I don't think I realised how much I loved breastfeeding til we stopped, although by a year I'd got fed up of leaking, nursing bras and finding clothing to make nip easy I was terribly sad when I weaned him and would definitely continue past a year next time.
Cx
 
I felt it got in the way of our bond at first. I felt so resentful, exhausted and in pain. Plus my LO never looked at me to smile etc. she just chowed down (or struggled and fought!).

I realised how much I loved the ease of it and the fact it is a 'cure all' though when it got to time to introduce food and all the stress came back in to our lives. At that point I realised I wanted to carry on feeding for as long as possible and as she got older we got more cheeky smiles while she fed and I grew to love it more and more.
 
With DD1 we had real problems and I hated breastfeeding. We gave up at 5 weeks.

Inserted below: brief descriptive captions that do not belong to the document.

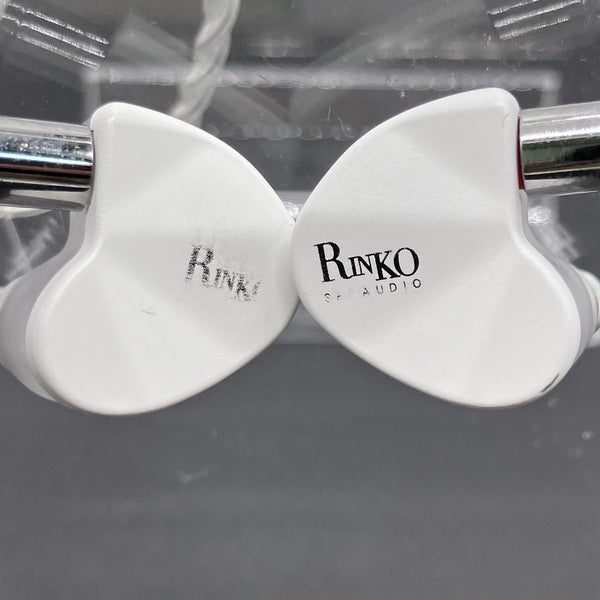 【中古】Rinko【仙台】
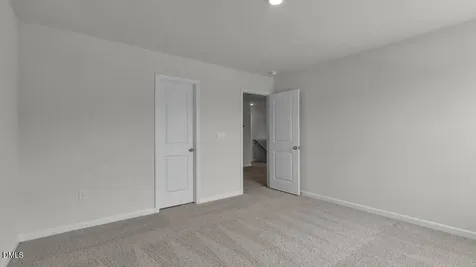 1316 Pavo Path Wendell NC 27591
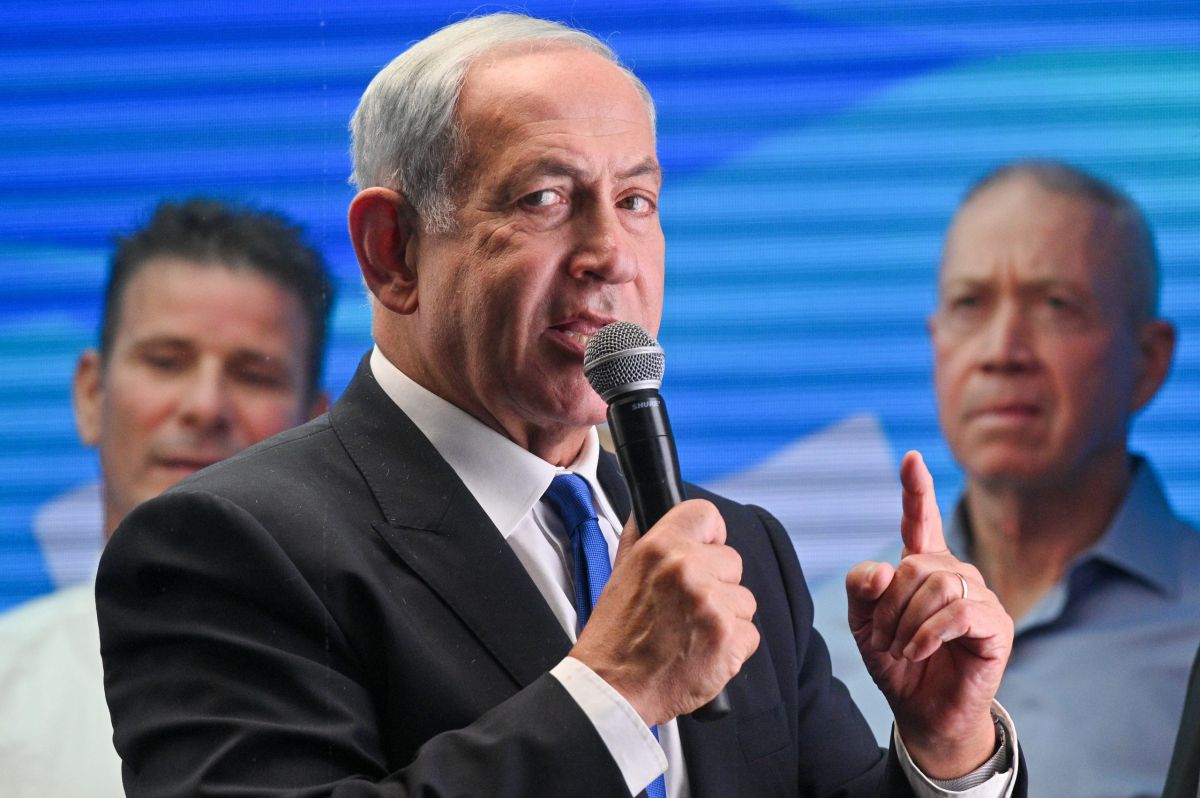 אחרי האמירויות ובחריין: מנהיג סודן בירך את נתניהו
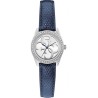 OROLOGIO DA POLSO GUESS Mod. G-TWIST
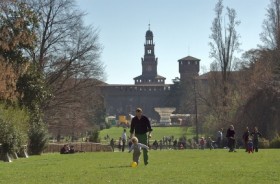 parcogiochimilano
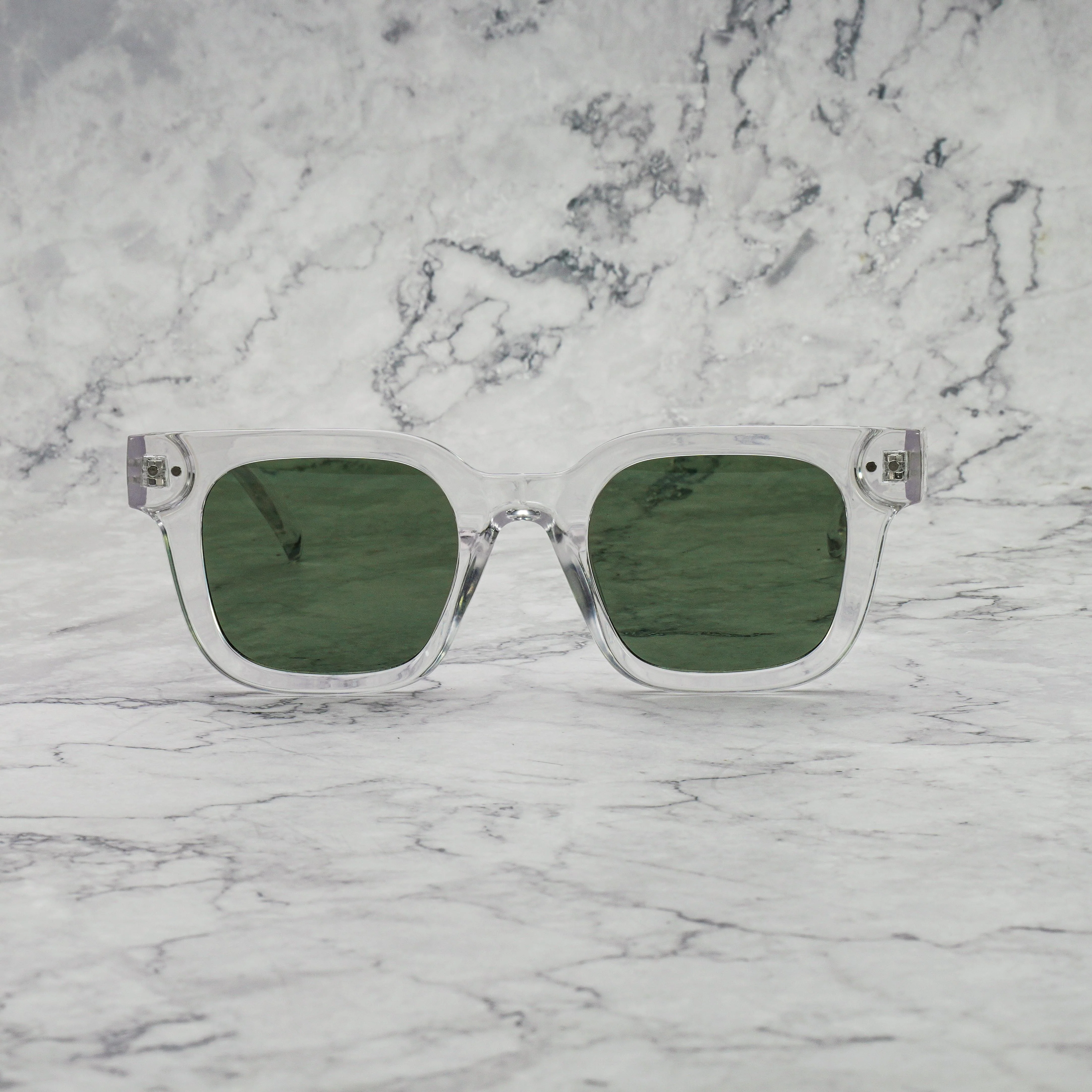 WILLIAM TWO - Image 41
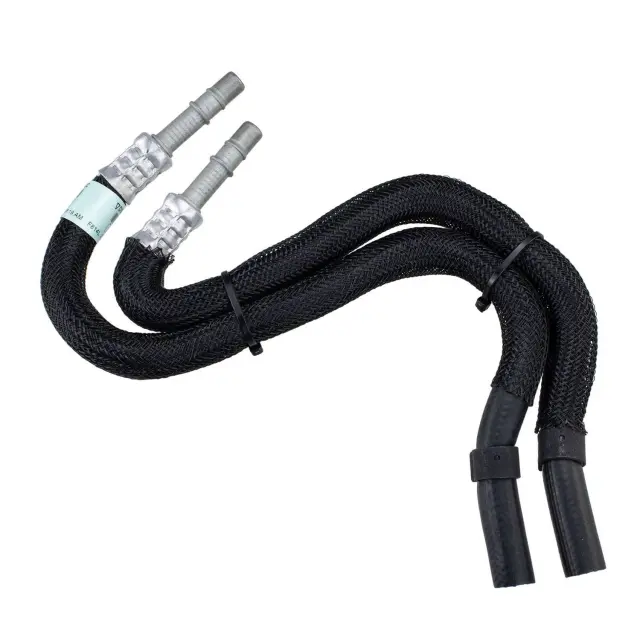 2015-2019 Ford Explorer Automatic Transmission Oil Cooler Hose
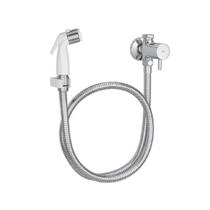 Ducha Higienica Deca Link C/reg Gatilho Br 1984.c.act.lnk.br Ducha Higienica Deca Link C/reg Gatilho Br 1984.c.act.lnk.br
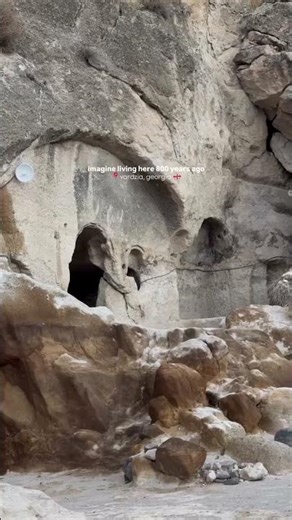 Europe in $800 😱 | Georgia Travel Guide 🇬🇪#GeorgiaTravel #BudgetTravel #Tbilisi #Kazbegi #Batumi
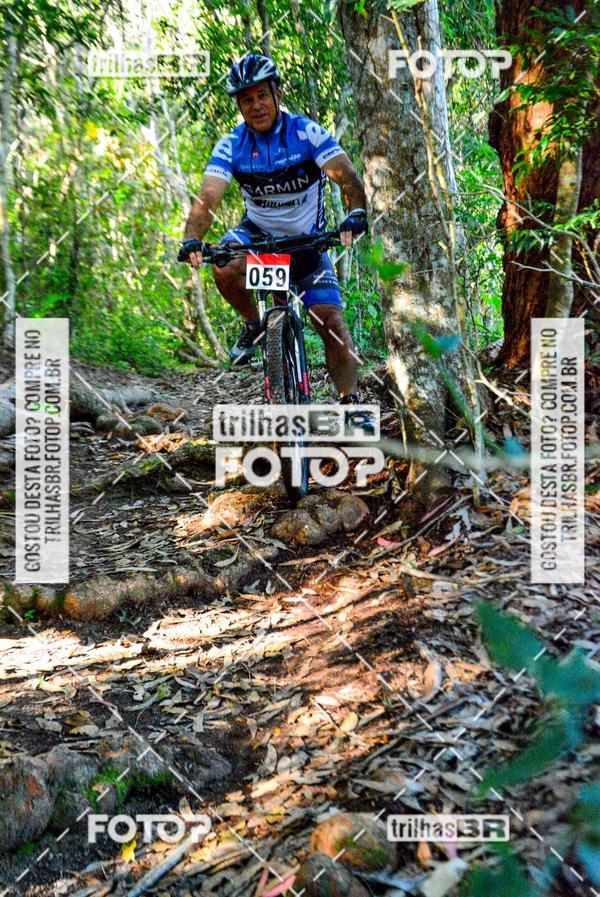 Buy your photos of the eventMountain Bike Ilha da Magia on Fotop
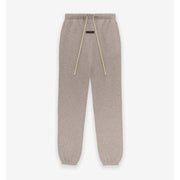 Fog Essentials Sweatpants Unisex Loose Fleece Sweatpants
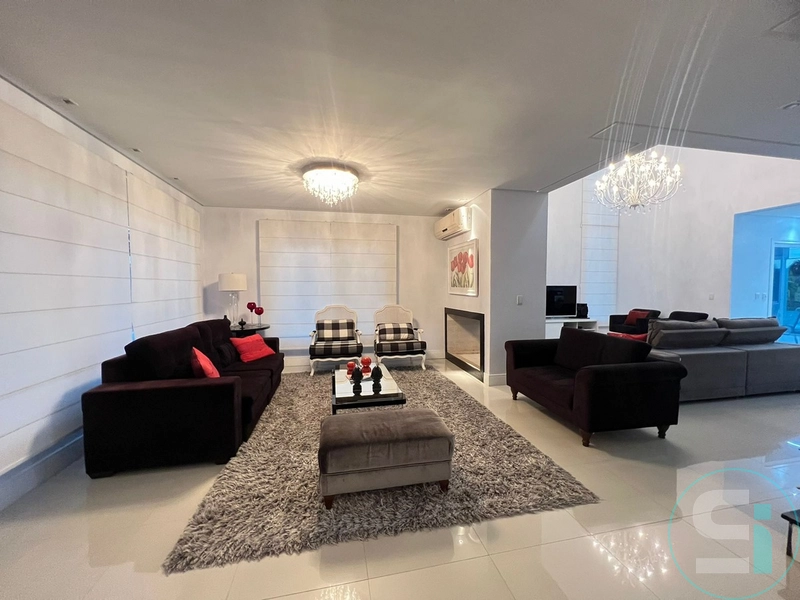 null: 4ª foto da galeria de imagens do imóvel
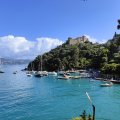 IMG_20241011_125526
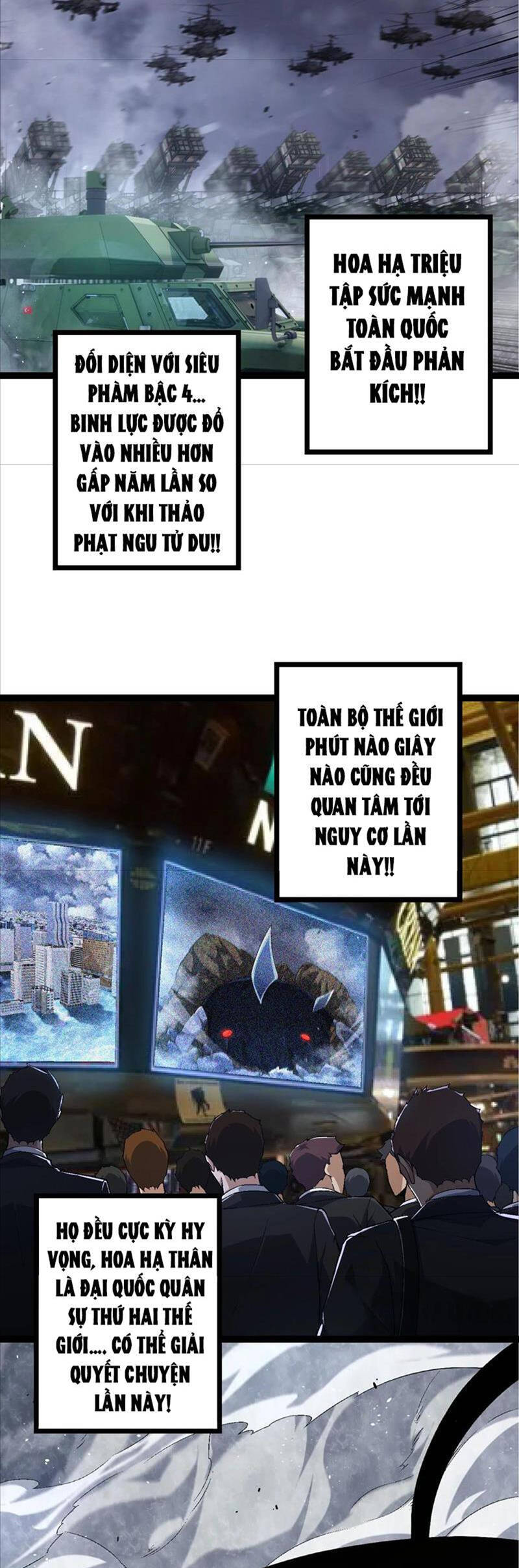 Chương 118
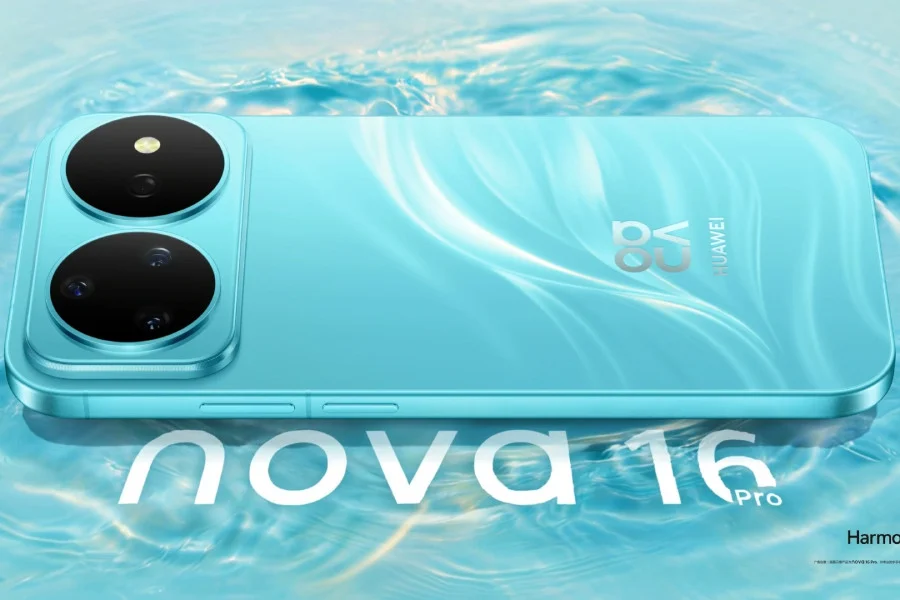 Huawei-Nova-16-series-launch-date-design.webp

With DD2 I decided to try again (I had emcs with dd1 and this time we had a easy natural birth). Its much easier this time, we latch well and no pain etc but I too don't feel 'that bond'.

I don't mind BF her as she obviously needs me and I am the only one to feed her, plus I cant be bothered with bottles, BF is easier...but I don't particularly enjoy it or look forward to every feed, its just something I have to do for my baby.

I am sooo glad we are doing it though and I do think we will go far this time round which i am proud of as I could have given up. She is 6 weeks already so I have already done more than I did with DD1.
 
With DD1 not so much, I was pretty stressed about it, writing down all the feed times and lengths and wouldn't nurse in front of others which made it really difficult and I always felt rushed if people were here and waiting for us.

This time I have totally relaxed, not clock watching and will nurse anywhere and I am enjoying it way more!

This is just how I have been second time round. The first time was super stressful and I hated it. This time I have a much more laid back approach and its worked wonders for me and DD
 
i was happy that i managed to breastfeed DD2 successfully, since i didn't with DD1. & i liked that it was relatively easy. but if i'm 100% honest, i preferred feeding DD1 with a bottle of milk. i'm so mixed, because it was so, so important to me to breastfeed & moreso when i didn't manage with my first.

dd2 is almost 3 now & still breastfed, the only time i like feeding her is before bed, when she falls asleep feeding.